8:15: US – ADP Nonfarm Employment Change: likely to surge to 350K from -301K.

Thursday

10:00: US – Fed Chair Jerome Powell Testifies before Congress.

10:00: US – ISM Non-Manufacturing PMI: anticipated to edge up to 61.0 from 59.9.

Friday

8:30: US – Nonfarm Payrolls: predicted to ease to 450K from 467K.

8:30: US – Unemployment Rate: seen to decline to 3.9% from 4.0%.

 

Top 3 Leading and Lagging Sectors (Weekly)

8 of the 11 S&P 500 sectors closed higher, paced by real estate (+2.18%), healthcare (+1.93%) and utilities (+1.87%) sectors. The consumer discretionary (-2.72%), financials (-0.33%) and industrial (-0.03%) sectors closed lower.

1. $XLRE (Real Estate) +2.18%

2. $XLV (Healthcare) +1.93%

3. $XLU (Utilities) +1.87%

Benchmark: $SPY +0.16%

1. $XLY (Consumer Discretionary) -2.72%

2. $XLF (Financial) -0.33%

3. $XLI (Industrial) -0.03%

 

Market Breath (Weekly)

% of Stocks Above 200 DMA = 35.64% (+3.94%)

% of Stocks Above 50 DMA = 38.70% (+8.89%)

 

Market Technicals – (S&P 500, NASDAQ, Bitcoin, Bonds & Credit Spread, NAAIM)

$SPX (S&P 500) vs $RSP (S&P 500 Equal Weight) – (Net High/Low +24)

The S&P 500 ($SPX) ended with a +0.82% gain after being dragged down as much as -5.4% during the week.

Improved posture in weekly market breath continue to be observed for the second week in running;

  • % of Stocks Above 200 DMA = 35.64% (+3.94%)
  • % of Stocks Above 50 DMA = 38.70% (+8.89%)

$SPX remains resisted by a Downtrend Line, along with its 200-day moving average. A downtrend channel in $SPX have also been established during the week, after breaching 4,320 level for the formation of a lower low.

The immediate support to watch for $SPX this week remains at a re-test of 4,320 level.

 

$QQQ (Nasdaq 100) vs $QQQE (Nasdaq 100 Equal Weight) – Downtrend Channel In Play

Tech and growth names have been hard hit since the start of 2022 by a rapid rise in Treasury yields on the back of expectations that the Fed will hike interest rates aggressively to combat high inflation as higher rates can hurt their companies with high valuations based on the prospect of future profits.

$QQQ gained +1.25% with $QQQE also gaining +1.63% during the week. Similar to $SPX, $QQQ have also established a downtrend channel.

The support level to watch for $QQQ remains at a re-test of $340.

 

$BTCUSD (Bitcoin / USD) – Morphing out a Bearish Head and Shoulder Pattern

Bitcoin ($BTCUSD) subdued its previous week sell off, posting a modest gain of +1.80% over the week.

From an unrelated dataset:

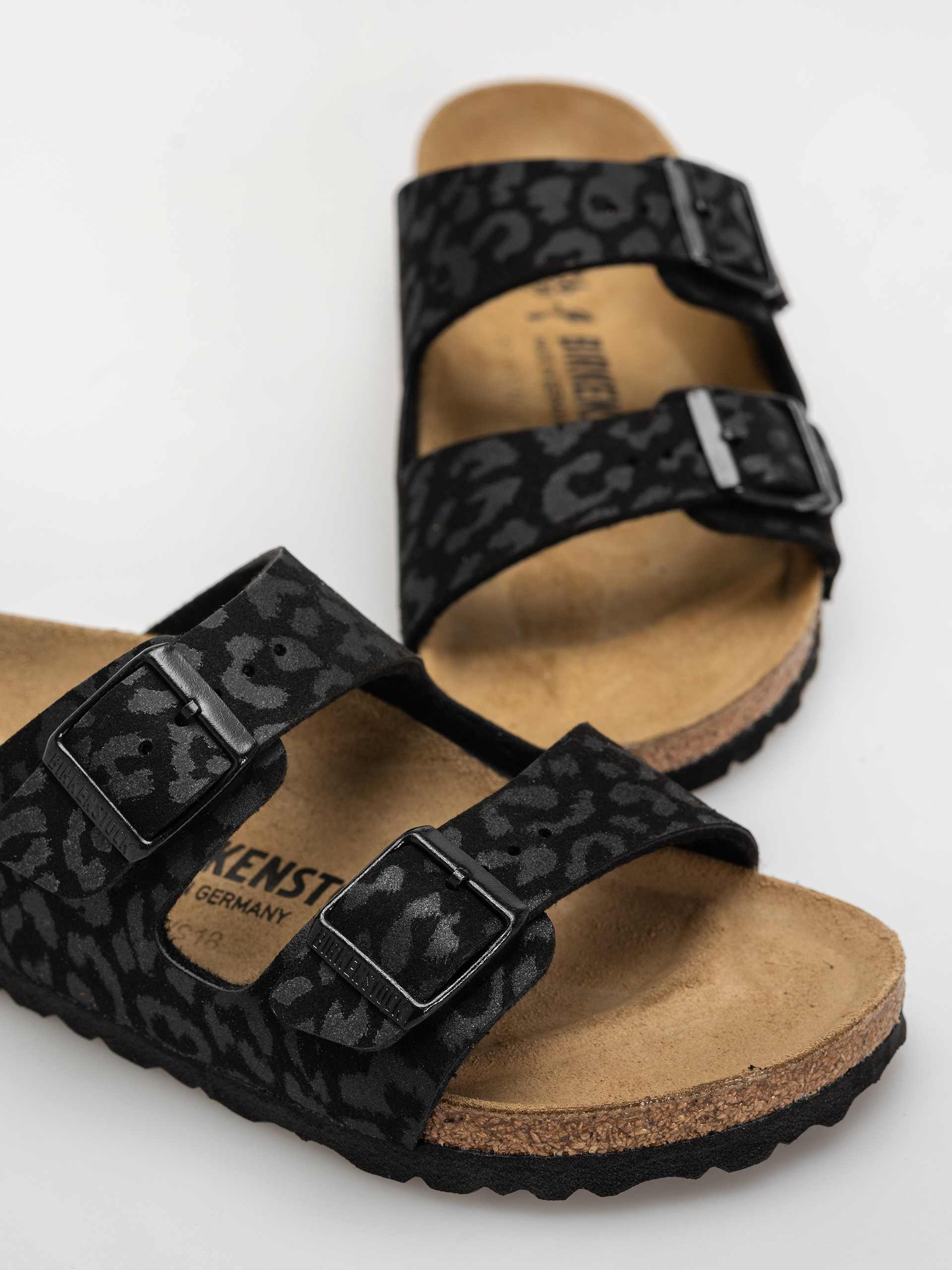 Birkenstock Arizona Synthetics Narrow Wmn Flip Flops (leo black)
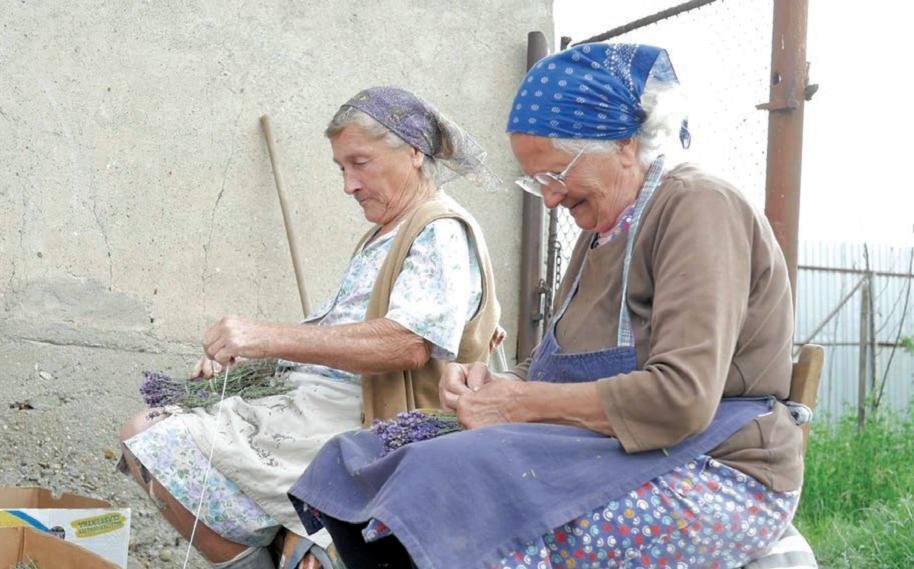 Kaláka a Végső portán Monospetriben. A szorgos kezekre télen-nyáron mindig nagy szükség van &bullet;  Fotó: Sütő Éva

At the current juncture, $BTCUSD remains resisted below the convergence of declining moving averages (10, 20 and 50 day), along with its anchored VWAP from 27th December high.

$BTCUSD continues to be morphing out a right side shoulder of a mid-term bearish Head and Shoulder Pattern.

The next level of support to watch for $BTCUSD remains at a re-test of $37,000.

 

$PCCE (Put/Call Ratio Equity) & $VIX (Volatility S&P 500) – VIX remains at worrying level

The spike level to watch for $PCCE is at 1.00. The the current reading of 0.819 (-21.76%) temporarily reduced the pressure on risk sentiment of the market.

However, $VIX remains at a high level of 27.57 (-0.61%), implying risk of a further sell off.

 

$IEI/$HYG (Credit Spread) – $TNX (10YR Treasury Yield) – Eyes on Spread

Market participants are keeping a close watch on credit spreads as one of the better economic signals. Junk bond issuers are perceived to be bigger credit risks, so if economic growth slows or contracts, there will be increased angst that these issuers won’t be able to make good on their interest payments. Hence, a widening high-yield spread is regarded as a leading indicator of difficult economic times which, in turn, often invites a more challenging period for the stock market since difficult economic times translate into weaker earnings prospects.

Credit Spread lowered to 1.50% over the week (-0.01). On the flipside, $TNX have inched up to 1.985% (+0.054) just slightly off its 52-weeks high of 2.046% established on 16th February 2022.

 

NAAIM Exposure Index – 44.41 (-9.08)

The NAAIM Exposure Index represents the average exposure to US Equity markets reported by members of the National Association of Active Investment Managers. It provides insight into the actual adjustments active risk managers have made to client accounts over the past two weeks.

This week’s NAAIM Exposure Index number is: 44.41, down from 53.